This project can be coded in PHP, c++ or java, depending on language you already have crawler code written in and what your
expertise is. If you do not have the experience to do this job or you are unstable then I ask you not to bid.
The server is LAMP so the database used must be MySQL. The ability schedule repeat crawls/info updating as a cron job would be nice.
CRAWLER PART 1
Crawl Yellow Pages/business listings to retrieve company names/info.
Retrieve any of the following found:
business name(required), address, category, emails, phone nums, websites,
logos, rating. Record the url of page then listing was found on.
If a business logo is found, it needs to be downloaded and matched(renamed) to the recorded listing.
The regular expressions used to find/retrieve the information on the sites need to be
modifiable so they can be altered and reused for other directories so they should
be saved to a MySQL table.
Because the crawler will be used on sites in different
languages, the language words in the regular expressions need to be
inter-changeable. If the language word 'dog' is in the expression and
I choose to crawl using Punjabi, 'dog' needs to be replaced with 'gutta'.
The language word/phrase lists don't need to be supplied, just the ability to supply them
at a later time is necessary.
CRAWLER PART 2
For listings from CRAWLER PART 1 which didn't return web addresses,
An automated website finder (using google?) which will search for a business' website using the business' name,
email addresses, phone numbers and other data.
CRAWLER PART 3
Crawl a list of websites and locate the customer contact information page.
When it is found parse it and record the email address/phone number and contact name,
or if a submit question form exists, record that a form was found.
CRAWLER PART 4
Crawl a list of websites looking for product information and prices for specific categories (Bank, Insurance, Pension, Mobile, Mortgage and others)
CRAWLER PART 5
Search forums by thread and try to determine what the thread is about using sets of keywords with associated weights.
Thus a thread containing words like summer, bike and canoe could be weighed as something about leisure.
The keywords and their weights have to be easily configurable.
If a thread has enough weight to fall into a category then it will be recorded.
The software must have a management console enabling the following functions:
Must be accessible using Windows (preferably web based so our mac/linux system can use it too)
Must be able to modify the list of sites to crawl,
Must be able to change regex for parsing,
Must be able to switch the language for the regex'
Must be able to start/stop crawler
1. Which solution do you recommend?
2. Do you have any comments on the above?
3. Can you provide a demo of the crawlers that you find suitable for this project?
4. Can you be available in the future for paid maintenance and further development?
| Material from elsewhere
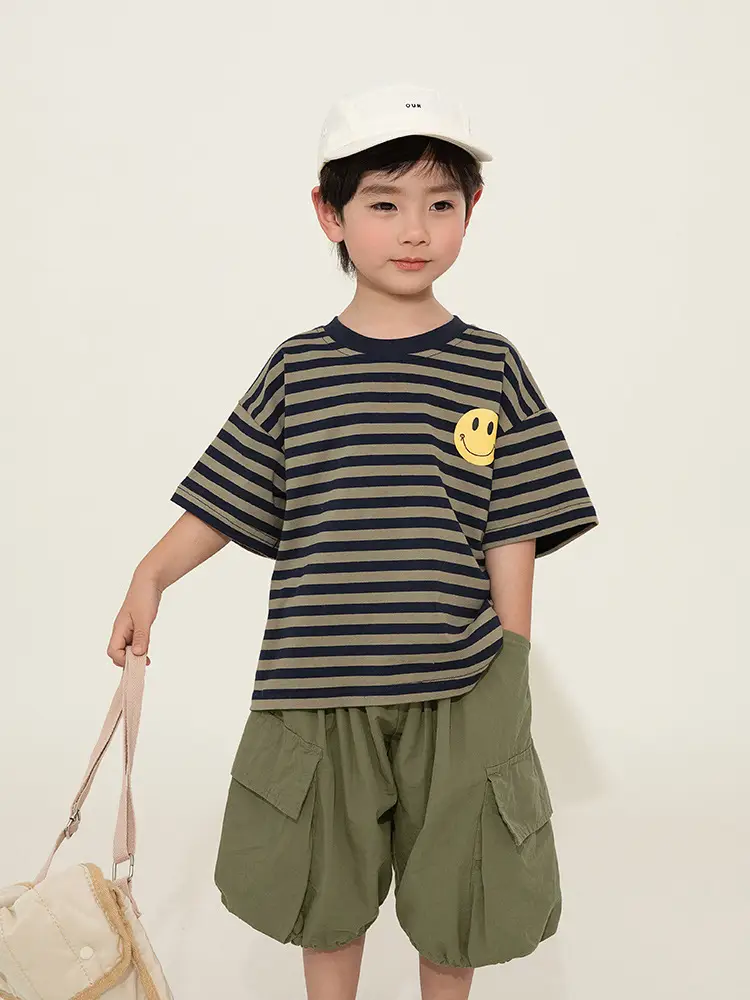 Boys Striped T-Shirt Shorts Set Korean Style Summer - Image 4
I'd like to automate gathering contact information from businesses, initially building lists of businesses in various countries/regions by scanning yellow pages and directories. After the lists are built, then the business' websites need to be checked for their contact pages/contact info. Since it needs to work for different languages, the regex need to be easily configurable so the language words/phrases can be changed.
The methods for sites will be different but thats why a customizable crawler is required. The first steps can all be the same, following links inside the directory site looking for pages with keywords like category, phone, address and checking if the words exist multiple times on a page or if groups of them exist.
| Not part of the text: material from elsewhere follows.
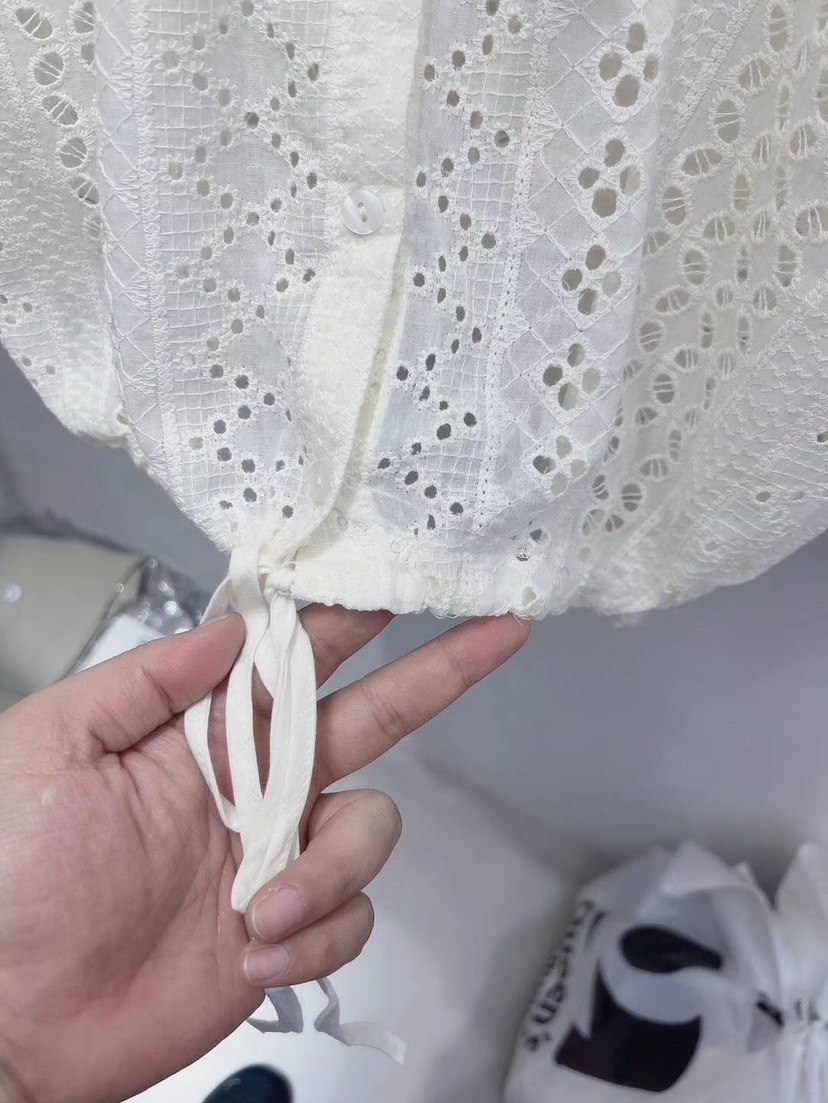 LULULALLA直郵韓國代購女裝新品休閑24春夏時尚襯衫蕾絲衫LULULALLA襯衫/蕾絲衫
An example is [url removed, login to view], the direcory has the name of the business' and their phone numbers but not easily recognizable entries for a bot which wasn't written for YellowPages specifically. For a page like that it would try normal contact keywords and once it has failed it could look at the number of phone numbers occurring on the page and cut it up into phone number to phone number chunks (stripping extra html but leaving tokens to denote font size etc). Later that bulk data can be viewed and separated thru custom methods.
The accuracy wont' be as good as it would be if it was created for a specific site but the ability to tweak the regex' will allow it to be get more precision. Even items like finding which link goes to the next page in a directory can be customizable.
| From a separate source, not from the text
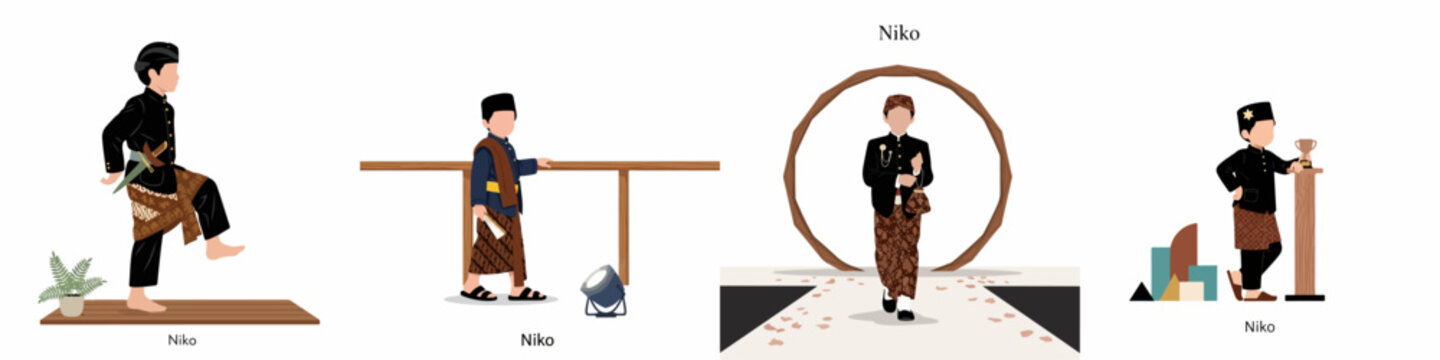 Illustrations of a young boy named Niko in traditional Javanese Indonesian clothing, featuring beskap, blangkon, and batik jarik in various poses.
Many directories have similar titles ('email' 'address' 'phone') so they'll be easier to lock onto.
Later it'll need an automated mailer to email the site's contact emails and read the responses to see if the email is the approved email for normal contact.
The other crawler is to crawl forums and build a knowledge base of information on various pre-determined subjects, looking for quality information over quantity.
Sample db code is included to give a basic idea of what I'm looking for.